*** Opening DATASET EXTRACT ***
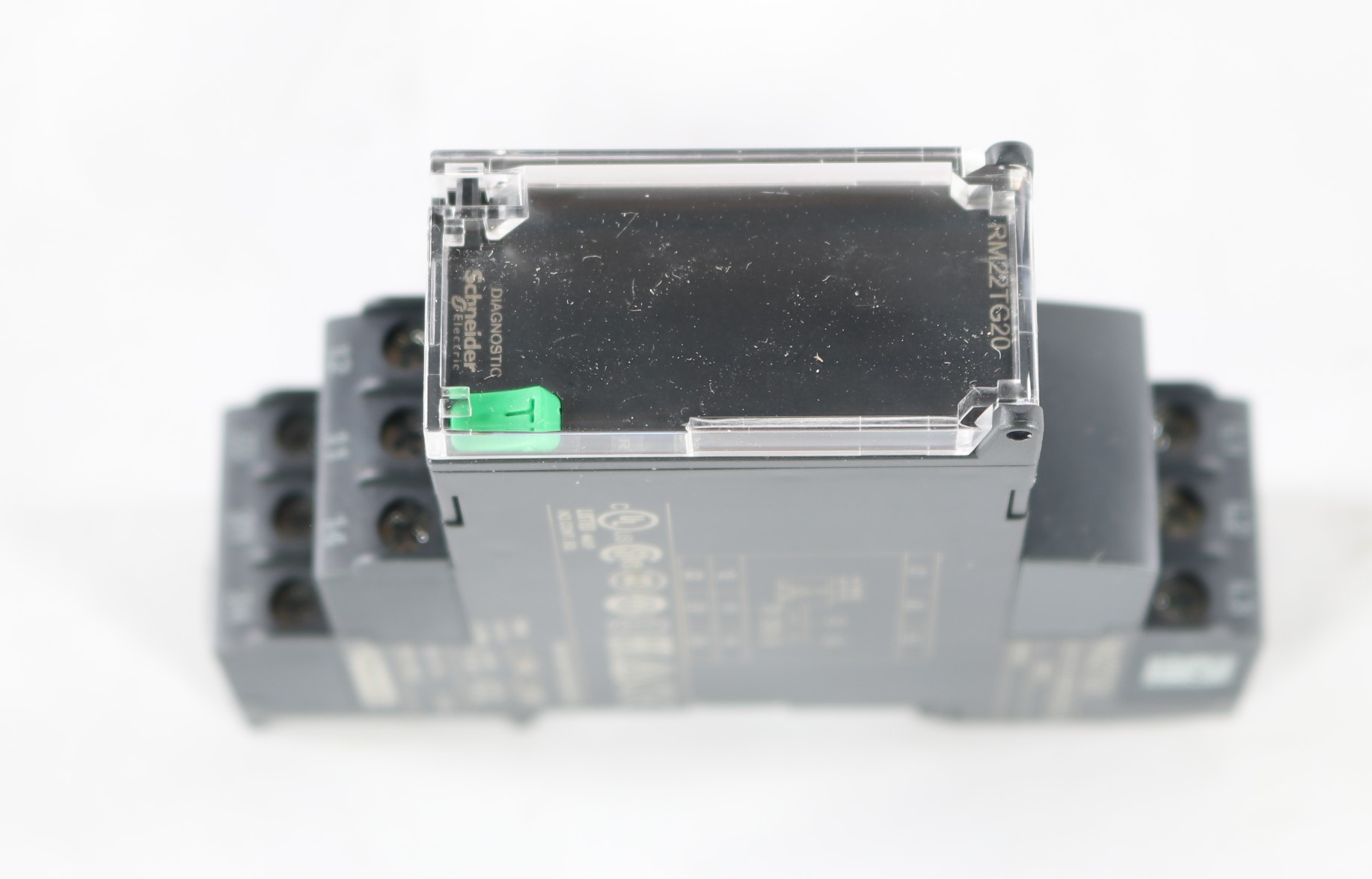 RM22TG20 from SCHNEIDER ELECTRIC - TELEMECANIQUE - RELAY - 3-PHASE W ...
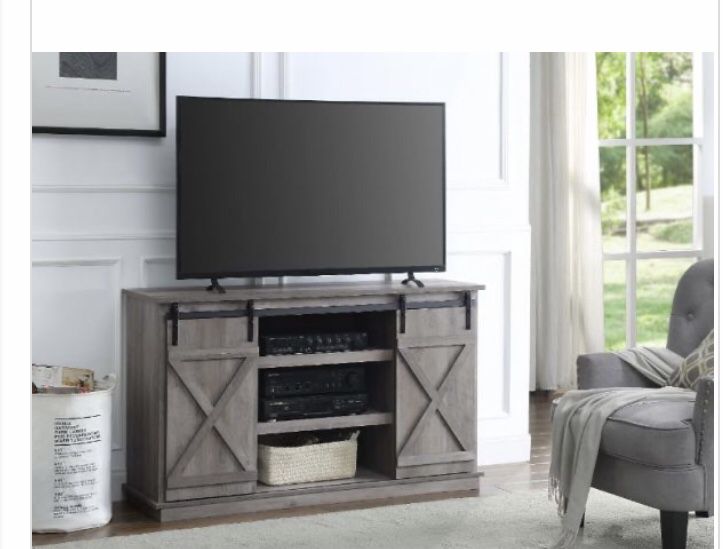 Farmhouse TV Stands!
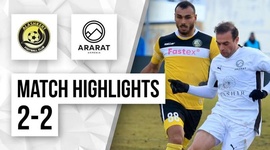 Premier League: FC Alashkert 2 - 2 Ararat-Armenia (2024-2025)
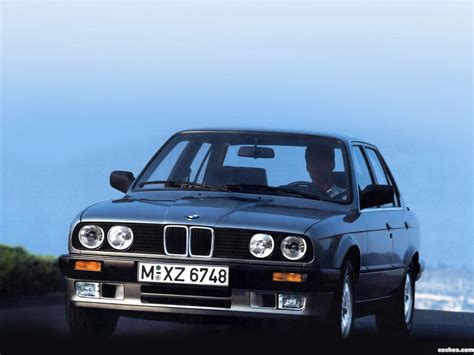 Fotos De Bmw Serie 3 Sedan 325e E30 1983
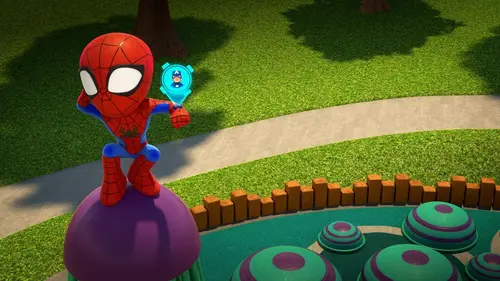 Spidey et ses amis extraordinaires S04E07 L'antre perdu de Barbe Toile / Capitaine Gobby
*** Closing DATASET EXTRACT ***
[WHAT IS BEING ASKED] Transcribe exactly the span of lines that opens with the line holding "Farmhouse TV Stands!" and closes with the last line of the entries above. Omit pictures.

[SOLUTION]
 Farmhouse TV Stands!
 Premier League: FC Alashkert 2 - 2 Ararat-Armenia (2024-2025)
 Fotos De Bmw Serie 3 Sedan 325e E30 1983
 Spidey et ses amis extraordinaires S04E07 L'antre perdu de Barbe Toile / Capitaine Gobby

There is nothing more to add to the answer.